K8L Architecture

At the outset, we hoped we'd have a very large section on AMD's new architecture. After our whirlwind of a three hour briefing, we aren't that much further along on the K8L architecture front than we were before. We've had some things confirmed by a few slides, but AMD didn't spend much time on these details. Over the next few days we will be sitting down with AMD and gathering as much detailed information about K8L as we can, but for now we can offer an overview of what we already know and have gathered from the slides we've seen.

The first K8L chips will be fabbed on a 65nm SOI process jointly developed by IBM and AMD, and manufactured at AMD facilities in Dresden. AMD has implemented a more modular approach to designing their next gen CPUs this time around in order to more easily meet the demands of a market craving ever increasing support for multicore technology. While CPUs are traditionally very hand tuned and designed on a low level, it appears AMD has taken an extremely object oriented approach to CPU design. The interfaces between different parts of the CPU are very strongly defined and it is possible for AMD to mix and match components as necessary.



This type of approach makes a lot of sense in today's world. Designing processors without the need to reengineer the entire CPU from the ground up in order to add another compute core, HT link or (maybe) another memory controller is a stroke of brilliance. Dual and quad core systems don't need 2 or four of everything, but needs do change depending on the application targeted by the hardware. Hopefully AMD will use this technology to enable the delivery of changing CPU configurations much the same way we see clock speeds and cache sizes change over time today.

On a very slightly lower level architecture side, we have a slide showing the overview of AMD's next server class processor with 4 cores based on K8L. Features include a shared L3 cache, "enhanced IPC" cores, OoO (Out of Order) loads, wider data paths, HT-3 (the third version of HyperTransport), and support for DDR2 (and DDR3 or FBDIMMS in the future). Details on some of these enhancements were way too light, especially on the IPC (Instructions Per Clock) front.



Cache enhancements include the capability to support 2x128-bit loads per cycle from the 64k L1 cache (which is half the size of the K8 L1 cache), and a shared L3 cache which will scale up from its introduction at 2MB. The shared L3 cache will help with features like node interleaving on multiprocessor systems as well as multithreaded apps which make use of shared data.

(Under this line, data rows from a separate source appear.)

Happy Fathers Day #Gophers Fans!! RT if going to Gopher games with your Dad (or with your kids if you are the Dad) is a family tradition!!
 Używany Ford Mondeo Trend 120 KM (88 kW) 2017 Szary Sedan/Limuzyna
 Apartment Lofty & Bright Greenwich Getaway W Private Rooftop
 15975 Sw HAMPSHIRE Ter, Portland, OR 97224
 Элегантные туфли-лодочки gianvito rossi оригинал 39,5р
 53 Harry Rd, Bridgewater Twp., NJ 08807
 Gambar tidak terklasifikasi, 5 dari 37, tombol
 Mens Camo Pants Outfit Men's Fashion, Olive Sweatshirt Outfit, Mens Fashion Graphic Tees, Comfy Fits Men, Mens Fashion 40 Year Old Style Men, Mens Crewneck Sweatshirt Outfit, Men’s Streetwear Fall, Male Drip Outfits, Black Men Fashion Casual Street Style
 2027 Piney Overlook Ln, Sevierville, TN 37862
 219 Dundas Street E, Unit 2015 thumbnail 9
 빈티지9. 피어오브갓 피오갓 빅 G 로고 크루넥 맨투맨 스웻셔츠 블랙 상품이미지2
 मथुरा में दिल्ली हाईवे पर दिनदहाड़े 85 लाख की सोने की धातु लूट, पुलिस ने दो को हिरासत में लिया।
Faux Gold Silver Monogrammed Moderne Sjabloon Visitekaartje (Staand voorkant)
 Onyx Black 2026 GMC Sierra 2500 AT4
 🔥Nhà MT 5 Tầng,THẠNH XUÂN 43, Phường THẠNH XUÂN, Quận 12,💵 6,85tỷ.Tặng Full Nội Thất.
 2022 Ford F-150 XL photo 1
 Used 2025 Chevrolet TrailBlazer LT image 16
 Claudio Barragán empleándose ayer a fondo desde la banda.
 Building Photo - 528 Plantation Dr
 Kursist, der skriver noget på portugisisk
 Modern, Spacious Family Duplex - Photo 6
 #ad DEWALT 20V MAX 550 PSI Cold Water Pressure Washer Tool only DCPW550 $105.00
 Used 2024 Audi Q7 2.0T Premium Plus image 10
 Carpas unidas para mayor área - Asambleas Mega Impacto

We are still waiting for more detailed data on the cache architecture. It isn't clear whether the caches are all exclusive, and we would like to know more about associativity as well.

At a lower level, we have a block diagram of the compute core for K8L CPUs. Again, this diagram is a bit oversimplified, but we can see a few key features of the architecture. On the FP side, the CPU is able to handle 2x128-bit floating point or SSE operations per clock. While this isn't quite as flexible as Intel's Core with its 3 SSE units, AMD's K8L will be able to handle 4 double precision floating point operations per clock. . (Current K8 chips can only do 1x128/2x64-bit SSE instructions per clock.)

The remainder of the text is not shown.